Cinq thématiques ont été retenues…

– L’une est centrale et conditionne même l’avènement des autres. Elle concerne les forces de défense. Le Burundi dispose désormais, selon les textes et dans la réalité, d’une armée intégrée, gardienne des institutions.

– Le deuxième thème tourne autour de la question du pluralisme, de son ancrage et de la transition démocratique engagée au début des années 1990 et poursuivie au cours de la décennie des années 2000. Pour la première fois dans l’histoire du Burundi, deux mandats électoraux successifs se sont succédé. À chaque occasion, les populations ont manifesté un fort attachement à cette forme d’expression, elles se sont mobilisées en grand nombre et se sont engagées en conscience.

– Le 3ème point concerne les Eglises. Il est clair que les relations entre le pouvoir et les Eglises ont toujours été ambivalentes. Ce n’est pas le propre du Burundi. Mais dans le nouveau contexte qui est en train d’apparaître, on assiste à un repositionnement général autour du cœur de la mission des confessions religieuses.

– Le 4ème point illustre lui aussi des évolutions positives marquantes. Pendant des décennies, les mobilités se sont essentiellement exprimées sous la forme de la contrainte faisant de cette région un des pôles internationaux en termes d’effectifs de populations réfugiées, déplacées, etc. On assiste désormais à une sorte de normalisation des mobilités pour des motifs économiques, d’études, d’affaires, etc. On entre donc dans une période de mobilité choisie.

– La dernière émission fera un peu le bilan. Elle reviendra sur le processus des négociations d’Arusha, non pas pour débattre du bilan constitutionnel qui a été formalisé, mais pour insister sur ce que le processus a représenté comme instauration d’un fonctionnement politique nouveau.
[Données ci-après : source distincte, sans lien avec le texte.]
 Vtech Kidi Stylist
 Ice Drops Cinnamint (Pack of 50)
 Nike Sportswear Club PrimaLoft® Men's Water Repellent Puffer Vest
Certes, il y a des volets qui ne sont pas encore concrétisés, et on assiste toujours à des compétitions politiques difficiles. Mais le fait d’avoir pendant un certain nombre d’années vécu des moments relativement intenses de dialogue, de concertation reste dans l’esprit de la population et des élites comme une référence à laquelle il est difficile de renoncer sans sacrifier les acquis de ces dernières années. C’est justement ce que veut illustrer cette émission-bilan.